Esther McVey’s speech showed clearly why she should have remained on breakfast television, where comparatively few people had to put up with her. She accused the previous Labour government of a “whirl of living beyond our means” that “had to come to a stop” without ever pausing to admit that it was Tory-voting bankers who had been living beyond their means, who caused the crash, and who are still living beyond their means today, because her corporatist (thank you, Zac Goldsmith) Conservative government has protected them.

She accused Labour of trying to keep food banks as “its little secret”, forcing Labour’s Jim Cunningham to remind us all that food banks were set up by churches to help refugees who were waiting for their asylum status to be confirmed – not as a support system for British citizens, as they have become under the Coalition’s failed regime.

She said the Coalition government was brought in to “solve the mess that Labour got us in”, which is not true – it was born from a backroom deal between two of the most unscrupulous party leaders of recent times, in order to ensure they and their friends could get their noses into the money trough (oh yes, there’s plenty of money around – but this government is keeping it away from you).

She said the Coalition had got more people into work than ever before – without commenting on the fact that the jobs are part-time, zero-hours, self-employed contracts that benefit the employers but exploit the workers and in fact propel them towards poverty.

She lied to Parliament, claiming that children are three times more likely to be in poverty if they are in a workless household. In fact, according to the Joseph Rowntree Foundation, in-work poverty has now outstripped that suffered by those in workless and retired households; children are more likely to be in poverty if their parents have jobs.

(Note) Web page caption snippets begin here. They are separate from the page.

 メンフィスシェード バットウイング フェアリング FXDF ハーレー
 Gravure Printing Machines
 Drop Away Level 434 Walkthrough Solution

She attacked Labour for allowing five million people to be on out-of-work benefits, with two million children in workless households – but under her government the number of households suffering in-work poverty has risen to eight million (by 2008 standards), while workless or retired households in poverty have risen to total 6.3 million.

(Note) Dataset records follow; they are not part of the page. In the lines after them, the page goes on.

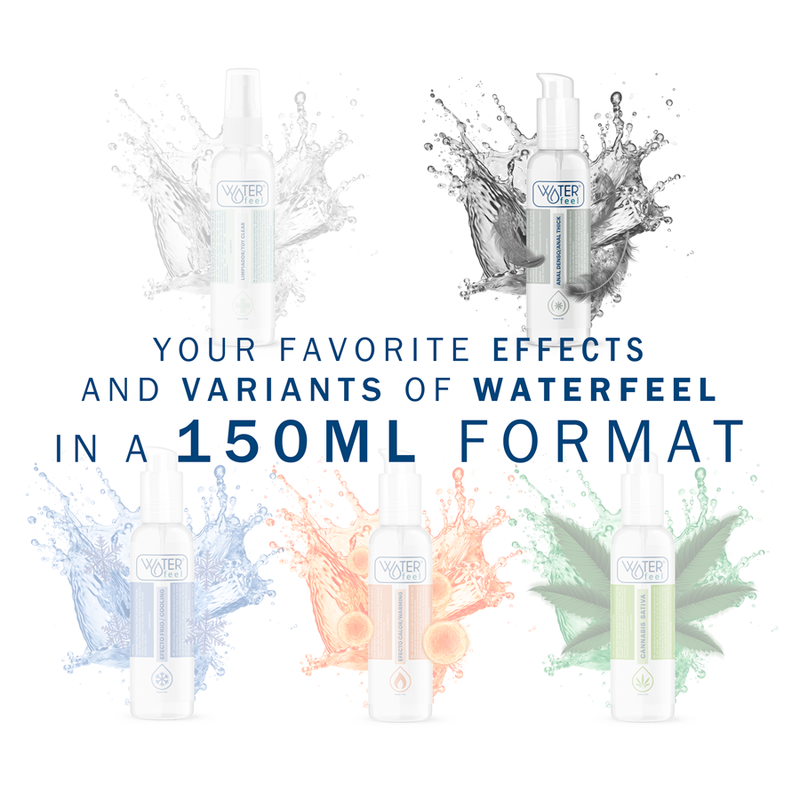 Waterfeel-Lubrificante Anale 150 Ml 2 Waterfeel-Lubrificante Anale 150 Ml · Lubrificanti (imaginea 2)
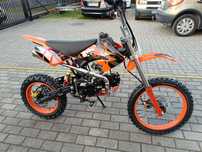 Cross 125cc 4T 4 biegi 17/14koła Rozrusznik Nowy Raty Transport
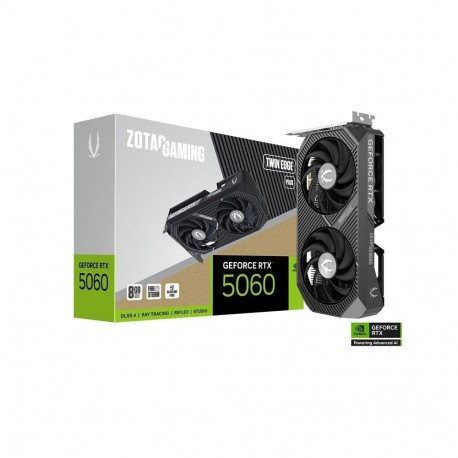 Graphics Card - ZOTAC GAMING GeForce RTX 5060 Twin Edge PLUS 8GB GDDR7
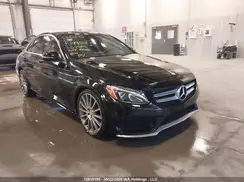 55SWF4KB2HU199501 2017 MERCEDES-BENZ C-KLASSE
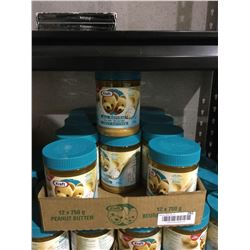 Case of Kraft Sea Salt Peanut Butter (12 x 750g)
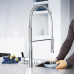 Смеситель Grohe K7 32950000 для кухни, хром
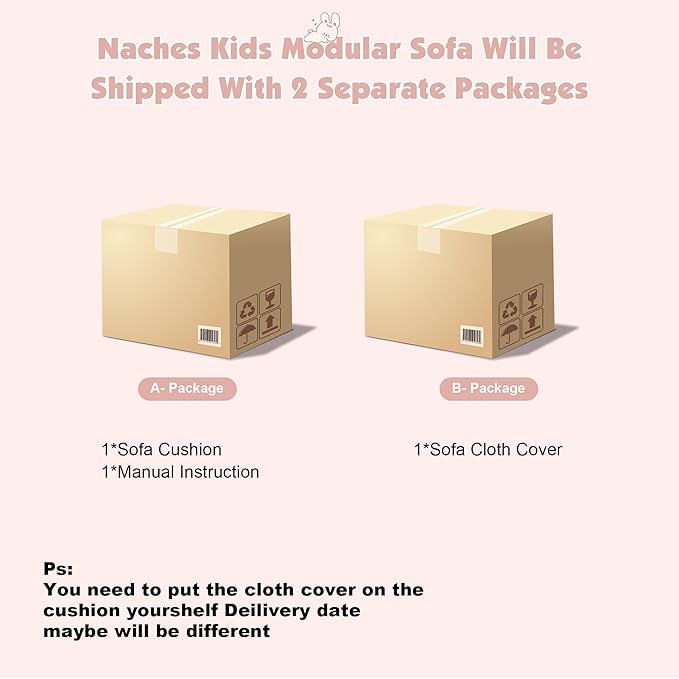 12 PCS Modular Kids Play Block Couch Child Sectional Sofa Toddler Building Fortplay Bedroom Playroom Baby Convertible Floor Foam Cushion for Boys & Girls (Light Gray-Double)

She claimed that 60,000 people were likely to use a food bank this year – but Labour’s Paul Murphy pointed out that 60,000 people will use food banks this year in Wales alone. The actual figure for the whole of the UK is 500,000.

She said the government had brought in Universal Credit to ensure that three million people become better-off. There’s just one problem with that system – it doesn’t work.

She said the Coalition’s tax cuts had given people an extra £700 per year, without recognising that the real-terms drop in wages and rise in the cost of living means people will be £1,600 a year worse-off when the next general election takes place, tax cuts included. She said stopping fuel price increases meant families were £300 better-off, which is nonsense. Families cannot become better off because something has not happened; it’s like saying I’m better off because the roof of my house hasn’t fallen in and squashed me.

Then, on top of all that, she had the nerve to tell the country, “Rewriting history doesn’t work.” If that is the case, then hers was one of the most pointless speeches in the history of Parliament.

Labour’s Jamie Reed had the best comment on the debate. He said: “The final verdict on any Government is based on how they treat the poorest in society during the hardest of times,” after pointing out that “the laughter from some of those on the Government benches … says more than words ever could.”

On a personal note, my own MP, Roger Williams, spoke about the food bank situation in Brecon and Radnorshire. It is gratifying that he is proud of the food bank set up by New Life Church, here in Llandrindod Wells – I well remember the telephone conversation I had with the organisers, in which I encouraged them to set it up. I am glad they took up the baton – and that he has appreciated their work.

Rather more worrying is the suggestion that he considers a possible new food bank in Brecon to be only the second in our constituency. There are food banks in many other towns, including Knighton, Ystradgynlais and Hay-on-Wye – with satellite facilities in smaller towns and villages. It is disturbing that the MP does not seem to know this.